---- Data listing

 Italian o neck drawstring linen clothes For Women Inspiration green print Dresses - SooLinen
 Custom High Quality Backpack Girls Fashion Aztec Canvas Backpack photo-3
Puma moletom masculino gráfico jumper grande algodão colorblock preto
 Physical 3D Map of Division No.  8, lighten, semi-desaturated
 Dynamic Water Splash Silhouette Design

--------
---- Data listing

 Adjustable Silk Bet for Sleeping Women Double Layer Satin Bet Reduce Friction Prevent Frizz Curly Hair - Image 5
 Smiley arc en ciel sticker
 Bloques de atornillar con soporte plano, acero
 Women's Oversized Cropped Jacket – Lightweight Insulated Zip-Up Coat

--------

_About this task_.
Copy range, inclusive: the line holding "Smiley arc en ciel sticker" to the line holding "Women's Oversized Cropped". Reproduce exactly those lines of the records above and no others.

_Solution_.
 Smiley arc en ciel sticker
 Bloques de atornillar con soporte plano, acero
 Women's Oversized Cropped Jacket – Lightweight Insulated Zip-Up Coat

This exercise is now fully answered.